Wyciągnęła do mnie rękę i przypieczętowałyśmy to uściskiem. W jakiś dziwny sposób uwierzyłam wtedy w jej szczerość.
– I zastanówmy się, co zrobić, żeby załagodzić sytuację – zaproponowałam.
– Tak, ale najpierw kawa. – Spojrzała na kubek. – Przeryczałam pół nocy i naprawdę ledwo żyję.

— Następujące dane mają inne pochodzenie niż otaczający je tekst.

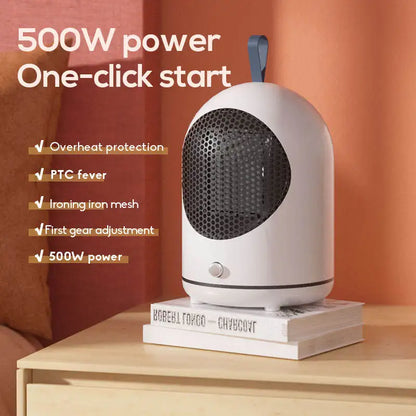 500W Desktop Heater Silent Electric Heater Suitable for Home Office and Small Portable Heater
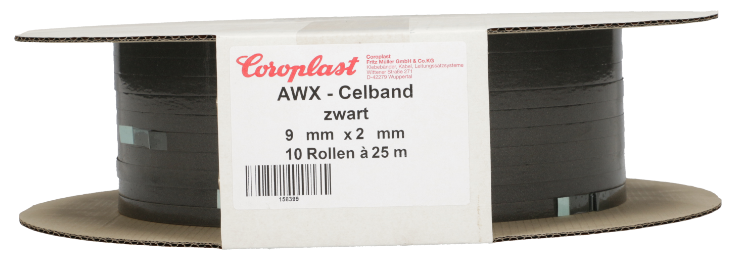 Coroplast AWX Celband 9x2 mm - 10x25 m Karton Zwart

– Ja też. – Nie ukrywałam.
Wypiłyśmy kawę, a potem rozmawiałyśmy prawie do południa i, co dziwne, doszłyśmy do porozumienia i kilku konstruktywnych wniosków. Po pierwsze, koniec decydowania o ich ślubie. Miałyśmy już swój i urządziłyśmy go tak, jak chciałyśmy. Po drugie, w weekend zaprosiłyśmy dzieci na obiad do restauracji. Obie, a nie osobno. Po trzecie, przestałyśmy się żreć jak dwie konkurujące ze sobą teściowe. W końcu żadna z nas nie była najlepsza, a nasze dzieci chciały nas obie w normalnej wersji, a nie jako furiatki skaczące sobie do gardeł. Na koniec dodam tylko, że dostałyśmy wreszcie zaproszenia na ślub i zachowywałyśmy się na nim bardzo dobrze. Może dlatego, że od czasu wyjaśnienia sobie pewnych spraw, tak szczerze i uczciwie, zaczęłyśmy też raz w tygodniu spotykać się na wspólnej kawie. Ona okazała się całkiem w porządku, a i ja, nie mając wyjścia, też nad sobą popracowałam. Trochę to straszne, że dwie dorosłe kobiety zaczęły rozsądnie myśleć dopiero wtedy, jak ich własne dzieci postawiły wszystko na ostrzu noża.